Importance of GC content for amplification
Comparison of the selected genes (309 ESTs) differentially represented in the two amplification methods, the GC content of the ESTs, contigs and Arabidopsis thaliana cDNAs (on a nucleotide level) there was a significantly greater mean GC content for the sequences of the S' group than for those of the M' group. The difference was 2.7 percentage units for ESTs, and 1.4 percentage units for the corresponding contigs (Figure 2D). There was a similar difference for the cDNAs although only about 10% of the contigs were found to have a BLASTn™ score above 100 bits. Interestingly, for a smaller group of 80 contigs (40 from S' and 40 from M') showing the greatest fold changes between methods, the difference in GC content increased from 1.4 to 2.2 percentage units, due to an increase in GC content for the S' group. Additionally, the mean length of the 40 ESTs from the S' group (1428 bp) was significantly greater than the mean length of the 40 ESTs from the M' group (1275 bp). It appears that transcripts with a high GC content are amplified faster by PCR than by T7, often overriding the effect of length. If the GC content is nearer the average, long transcripts are favored by T7 amplification.
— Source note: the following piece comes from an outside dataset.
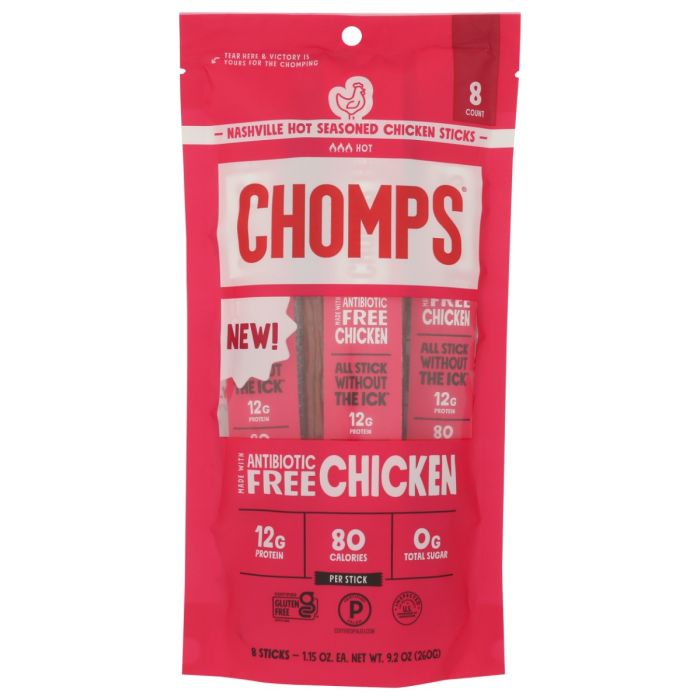 CHOMPS: Nashville Hot Seasoned Chicken 8 Sticks, 9.2 oz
The GC effect is presumably explained by the temperature of extension, which is 68–72°C for Taq polymerase and 37°C for T7 polymerase; high temperature favors polymerization through GC-rich areas. Evolution has in general tuned the cellular machinery, including polymerases, to fit the temperature environment of an organism. This might be reflected in the GC content and the temperature environment of the original organism for each polymerase. The GC content of a Pinus species genome is about 40%, which is considerably closer to the 48% GC content of T7 phage (or the 50% GC content of Escherichia coli, the typical host of T7 phage), than for the 67% GC content of Thermus aquaticus [18–20]. It implies that T7 transcription of the Pinus taeda transcriptome or consequently other transcriptomes with similar GC content in most cases is a better choice than PCR based techniques.